Pues el enemigo de esta vez no era tan claro como el viejo gris e uniformado de los retratos, o los mapas de pocos colores que sobre el mapamundi dibujaban los imperios de entonces, tampoco lo eran las guerras injustas -aunque todavía siguiera habiéndolas- pues por desgracia casi nadie se acordaba ya de ellas, esta vez los enemigos eran unos verdaderos gigantes tan peligrosos y tolerados como protegidos por esa marea inabarcable de aroma nauseabundo en que se había convertido la política; enemigos todos mimetizados con el ambiente, inmiscuidos entre nosotros como una quinta columna, escondidos en las más irreverente cotidianeidad.
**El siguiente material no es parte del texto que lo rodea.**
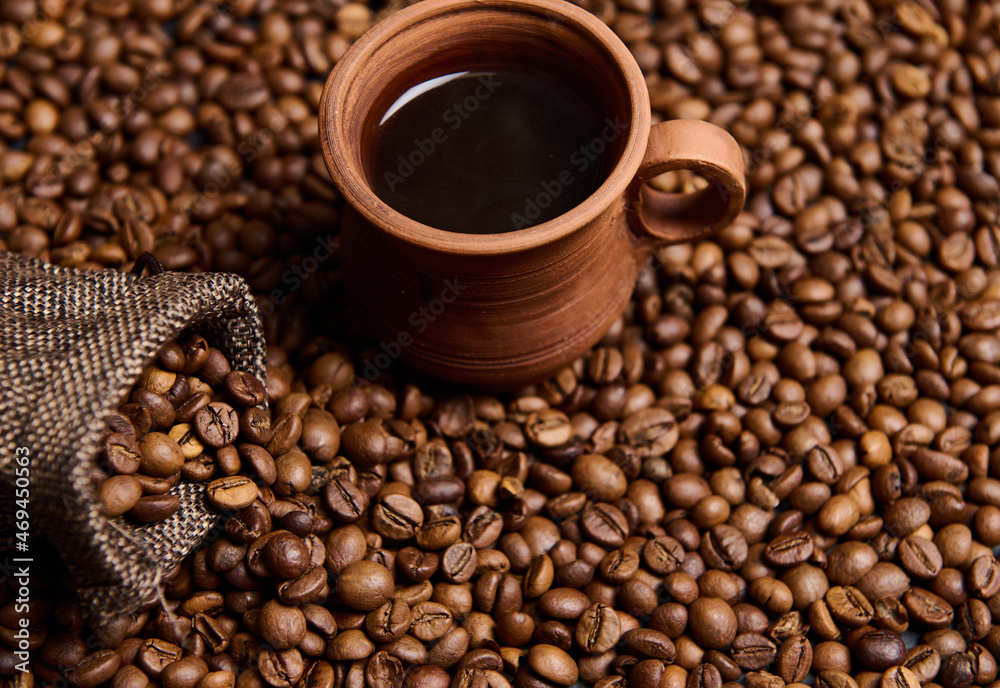 Fototapeta premium High angle view of a clay coffee cup with freshly brewed coffee drink with steam on the background of a bag with grains and freshly roasted coffee beans . Copy space for advertising. Still life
En cuanto a los actores principales esta vez no eran el producto de una generación perdida que decidió rebelarse contra el conservadurismo de sus padres, no eran hijos de posguerra ni proletarios que aún creían en la utópica sociedad igualitaria, sino simplemente pobres diablos sin trabajo, licenciados encaminados hacia el mismo destino, amantes insatisfechos de una tal Democracia vaga y acomodada, e indignados enojados con el tráfico de esclavos tolerado y sangrante que practicaban esos gigantes de los que hablé antes. Gentes de infinitas procedencias, edades y realidades que no se creían el teatro de marionetas alevosamente perpetrado por los que controlaban el cotarro, ni los terribles y cínicos llantos de los bancos. Voces antes atormentadas por sentirse solas en su crítica muda al sistema, y voces que al fin, y gracias a un verdadero drama como escenario, se acabaron encontrando y gritaron al unísono hasta silenciar el rumor de esas plazas ruidosas.